Re: Self-segmenting words & the treatment of names

From: Martín Baldán <martinob@hidden.email>
Date: Tue, 09 May 2006 01:29:37 -0000
Subject: Re: Self-segmenting words & the treatment of names
To: engelang@yahoogroups.com

Hi!
--- In engelang@yahoogroups.com, And Rosta <a.rosta@...> wrote:
>
> [I haven't had anything but spam off this list for years!]

That's surprising, given the catchy name of this group. Where do all
the people interested in engelangs meet? :)

BTW, I've read you are the originator of the "engineered language"
term. If, so, congrats (and also to John Cowan for the shorter
"engelang"): I've found it very useful to describe my field of
interest, as opposed to "artistic languages" or the more general
"constructed languages", while "logical languages" was too restrictive.

[..]

> 
> Yes please. ("lisp-like syntax" means nothing to me, I might add; I
know nowt about the syntax of LISP.)

I'm no expert, but I'd say Lisp is basically a programming language
based on lambda-calculus with polish notation.
The term "lisp-like syntax" has been used to describe some software
ontology languages, such as CycL and SUO-KIF,
which I am considering as starting points for my language design. I
totally agree with your preference for making a rigorous language
more user-friendly, instead of making a natural-seeming language more
rigorous (as you expressed in message#51).

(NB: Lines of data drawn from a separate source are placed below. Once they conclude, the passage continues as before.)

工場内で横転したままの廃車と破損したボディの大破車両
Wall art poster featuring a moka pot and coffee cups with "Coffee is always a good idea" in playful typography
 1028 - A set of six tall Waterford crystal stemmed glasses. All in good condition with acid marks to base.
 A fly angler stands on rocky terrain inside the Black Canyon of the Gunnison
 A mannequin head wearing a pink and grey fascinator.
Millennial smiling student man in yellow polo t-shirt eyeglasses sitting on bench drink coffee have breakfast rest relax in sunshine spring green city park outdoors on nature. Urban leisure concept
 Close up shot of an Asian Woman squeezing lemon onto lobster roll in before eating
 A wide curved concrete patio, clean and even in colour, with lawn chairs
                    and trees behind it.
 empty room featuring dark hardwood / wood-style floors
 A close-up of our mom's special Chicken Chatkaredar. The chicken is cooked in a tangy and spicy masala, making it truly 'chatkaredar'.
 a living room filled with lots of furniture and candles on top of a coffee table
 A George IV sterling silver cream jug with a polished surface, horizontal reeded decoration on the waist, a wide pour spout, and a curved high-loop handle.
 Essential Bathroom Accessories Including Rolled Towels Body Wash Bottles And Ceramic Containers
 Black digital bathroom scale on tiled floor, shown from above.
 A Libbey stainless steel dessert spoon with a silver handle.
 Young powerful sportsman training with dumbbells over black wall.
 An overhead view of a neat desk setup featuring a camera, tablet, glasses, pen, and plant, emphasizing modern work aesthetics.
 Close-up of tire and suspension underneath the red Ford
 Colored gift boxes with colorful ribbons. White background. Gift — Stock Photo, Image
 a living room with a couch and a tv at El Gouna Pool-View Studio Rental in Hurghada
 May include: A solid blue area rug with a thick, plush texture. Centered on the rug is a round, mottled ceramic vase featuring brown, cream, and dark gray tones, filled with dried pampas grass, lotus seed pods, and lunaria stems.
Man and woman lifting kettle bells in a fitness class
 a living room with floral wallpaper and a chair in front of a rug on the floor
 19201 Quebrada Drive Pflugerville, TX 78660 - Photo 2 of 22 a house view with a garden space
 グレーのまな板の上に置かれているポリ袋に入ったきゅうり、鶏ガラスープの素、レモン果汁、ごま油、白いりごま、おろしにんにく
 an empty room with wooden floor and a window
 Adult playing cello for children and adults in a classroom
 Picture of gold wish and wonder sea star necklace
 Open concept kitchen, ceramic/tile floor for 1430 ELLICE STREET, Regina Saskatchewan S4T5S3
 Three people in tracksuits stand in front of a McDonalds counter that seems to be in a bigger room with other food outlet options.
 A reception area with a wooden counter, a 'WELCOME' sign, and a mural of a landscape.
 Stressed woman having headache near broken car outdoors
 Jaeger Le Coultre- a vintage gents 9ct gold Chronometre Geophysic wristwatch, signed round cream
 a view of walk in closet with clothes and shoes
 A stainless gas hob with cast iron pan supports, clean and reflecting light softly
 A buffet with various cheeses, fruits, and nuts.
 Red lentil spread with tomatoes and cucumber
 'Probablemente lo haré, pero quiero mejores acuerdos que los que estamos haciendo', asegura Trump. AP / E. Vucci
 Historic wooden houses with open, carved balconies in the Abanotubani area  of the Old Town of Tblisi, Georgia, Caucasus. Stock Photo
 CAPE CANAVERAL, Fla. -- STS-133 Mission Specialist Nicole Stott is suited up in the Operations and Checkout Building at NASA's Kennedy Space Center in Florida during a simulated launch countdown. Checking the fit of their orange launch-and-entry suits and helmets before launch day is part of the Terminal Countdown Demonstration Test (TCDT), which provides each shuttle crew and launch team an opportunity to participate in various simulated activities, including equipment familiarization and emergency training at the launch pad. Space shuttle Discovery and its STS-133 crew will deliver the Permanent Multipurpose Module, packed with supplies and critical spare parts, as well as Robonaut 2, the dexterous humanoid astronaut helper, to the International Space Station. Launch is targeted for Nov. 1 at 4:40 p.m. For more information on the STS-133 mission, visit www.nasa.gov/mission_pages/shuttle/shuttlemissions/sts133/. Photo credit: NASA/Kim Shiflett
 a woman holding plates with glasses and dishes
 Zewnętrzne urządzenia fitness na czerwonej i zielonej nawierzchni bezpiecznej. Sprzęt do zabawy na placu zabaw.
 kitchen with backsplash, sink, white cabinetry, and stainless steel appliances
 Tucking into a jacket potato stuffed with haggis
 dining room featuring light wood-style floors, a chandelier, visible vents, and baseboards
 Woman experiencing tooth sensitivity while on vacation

Here are some links on SUO-KIF and CycL:

http://en.wikipedia.org/wiki/KIF
http://www.cs.umbc.edu/kse/kif/

http://en.wikipedia.org/wiki/CycL
http://www.opencyc.org/doc/#programming

As for the examples of my proposed parenthesis notation, please see my
reply to Jorge (message#128)

> I agree. IIRC, my conlang has a couple of ways of exiting foreign
text (that are specified when entering it). The requirement is of
>course that the exit marker does not occur within the text itself. In
one method, the exit marker contains a click phoneme. In the other
>method, a la Lojban, the exit marker is defined at the point of entry.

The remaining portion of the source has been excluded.